Je ne sais pas par où commencer cette lettre. Je suppose que je devrais m'inspirer de notre rencontre. Quand je suis arrivée dans ce lycée, j'étais une jeune professeure de littérature un peu intimidée par la tâche qui m'attendait. C'était la première fois que j'allais enseigner officiellement à des lycées alors le traque m'avait submergé. Vous étiez le professeur de philosophie, arrogant d'après ce que j'avais pu constater, mais avec toujours le sourire dans n'importe quelle situation, et qui semblait indifférent à tout ce qui se passait autour de vous. Jamais je n'avais vu un professeur avec autant patience, ce qui m'avait énormément surpris. Mais petit à petit, nous avons appris à nous connaître et à travailler ensemble. Nous étions tous les deux en charge des terminales de spécialité HLP.

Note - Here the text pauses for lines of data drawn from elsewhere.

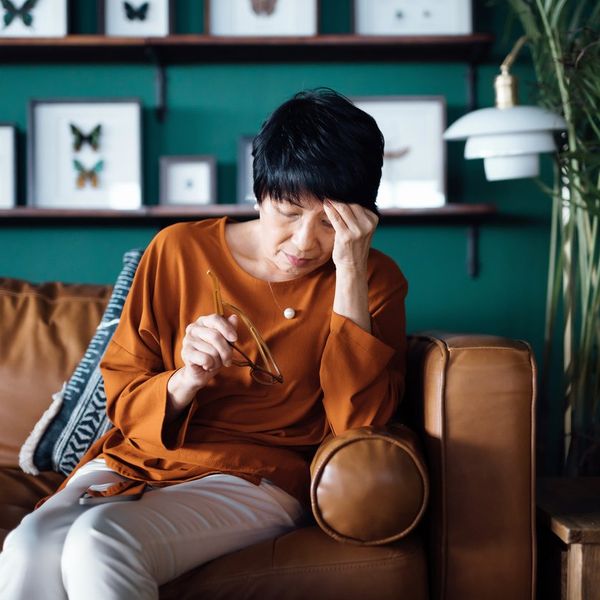 enior Asian woman feeling tired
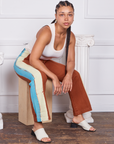 Gabi is sitting on a wooden crate wearing Hand-Painted Stripe Western Pants in Burnt Terracotta and vintage off-white Tank Top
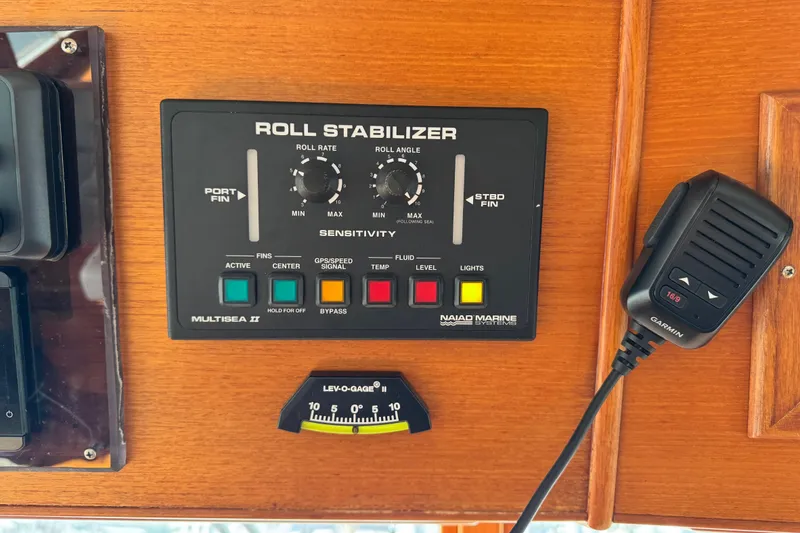 Slide: The Image of Control panel of a 2000 Grand Banks 52 Europa with roll stabilizer and Garmin microphone. - 18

Je me souviens de la première fois où nous avons parlé de nos matières respectives. Vous m'avez expliqué comment la philosophie était l'étude de la vie, de la mort et de tout ce qui se trouvait entre les deux. J'ai été fascinée par votre passion pour votre matière, votre détermination à faire comprendre à vos élèves que la philosophie est plus qu'une simple réflexion théorique, c'est une façon de voir le monde. Comme vous leur disiez "Tout est philosophique".

Je me souviens aussi de la première fois où nous avons été pris sous une pluie torrentielle en sortant de notre réunion de professeurs. Vous étiez parti comme à l'habitude sur votre vélo à vive allure en refusant mon offre de vous ramener en voiture. Et deux jours après, j'ai appris que vous étiez tombé malade. Je ne pouvais pas m'empêcher de sourire en vous imaginant malade comme un chien, bien confortablement installé sur votre canapé devant Netflix sur votre pc et en mangeant des sucreries. Le Karma est venu à votre rencontre.

La sortie au cinéma est un souvenir plus récent, mais tout aussi précieux. Nous sommes allés voir un film d'amour, bien évidemment en lien avec le programme des classes de terminale. Je n'étais pas vraiment intéressée, mais j'avais accepté de venir avec vous puisque j'étais une des seules personnes à vous adresser la parole au lycée. Vous aviez acheté un grand seau de pop-corn à partager, chose qu'aucun des professeurs n'aurait fait à part vous. Nous avons passé un bon moment à discuter en mangeant avant le début du film. Vous avez même réussi à me faire rire avec vos commentaires sarcastiques pendant la bande-annonce. C'est à cet instant que je m'étais aperçue bien plus tard que les autres professeurs que vous n'étiez vraiment pas comme eux et c'est ce qui fait votre charme. Vous êtes un professeur authentique, je peux vous l'assurer.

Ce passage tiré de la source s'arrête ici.